Most curriculum is designed without considering the goal. Instead of, “What do the learners need to know by the end of this?” the approach often is, “This is a great tool to teach X.”

This is often easy and practical in the moment.

Consequence is then you are doing work that may not be guiding the learner to that goal. Learning has become busy work instead.

Traditional lesson design typically works like:

  1. Identify content that needs to be covered.
  2. Plan a sequence to teach that content.
  3. Create an assessment to measure the learning that should’ve happened.

This means assessment is an afterthought.

Learning under this design isn’t durable or transferable. It’s a scattershot of facts. It also causes poor engagement.

So, what is Backward Design? Introduced by Understanding by Design (1998).

Steps are:

  1. Identify what students should know by the end.
  2. Create an assessment to measure the knowledge.
  3. Prepare lessons that will help students succeed in the assessment.

After developing your rubric, consider what needs to happen in order to have students meet each requirement that is asked of them.

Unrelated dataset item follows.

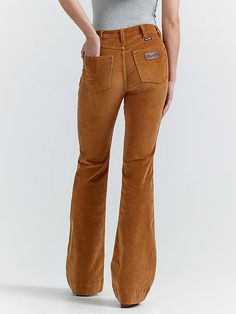 Your favorite flare is back, but now in the perfect texture for the season ahead. Our Women’s Wrangler Retro® Bailey High Rise Corduroy Trouser Jean comes with all the same iconic details, including our signature five-pocket styling, the “W” stitching, and a logo patch. That ultra-soft corduroy is crafted from a cozy cotton blend with just the perfect amount of stretch. Best of all, these trousers feature a flattering high-rise silhouette that hugs you in all the right places. Wrangler Corduroy Pants, Trouser Jeans Outfit Western, Corduroy Flare Pants Outfit, Fall Flare Jeans, Trouser Jeans Outfit, Corduroy Pants Outfit, Western Pants, Corduroy Flare Pants, Wrangler Pants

Ask what is really needed to teach that info. Is a worksheet meaningful? Or reading? Or presenting? They could be if recitation, comprehension, or communication are part of the goals.

Ask yourself:

  1. What exactly do your standards require? Do they ask students to memorize and identify facts, or do they ask them to describe, explain, analyze, or create?
  2. If it’s the latter, how closely do your assessments measure those standards? Do they actually require students to do the describing, explaining, analyzing, or creating (which would likely require them to write, present, or create some product), or do they merely ask them to recognize when someone else does it in the form of an answer on a multiple-choice test?
  3. Do you need to adjust your assessments so they more closely align with the standards? 
  4. If you do, the next step is to rework the lessons that lead up to that assessment. Does every lesson contribute to student success on that assessment? Could some of your lessons be omitted because they don’t connect directly to the assessment? Are you missing anything? For example, if your assessment requires students to write in academic language and support their ideas with evidence, you should include some lessons that give students practice with that kind of writing.

Finally, will the assessment be weighted heavily in your gradebook? (It should be.) The lessons and activities leading up to the final assessment are there to give students exposure to the knowledge and practice with the skills necessary to perform on that final assessment; ideally, they should receive no grades at all on those activities. If you absolutely must assign some points, be sure the final assessment is worth a heck of a lot more than those smaller tasks.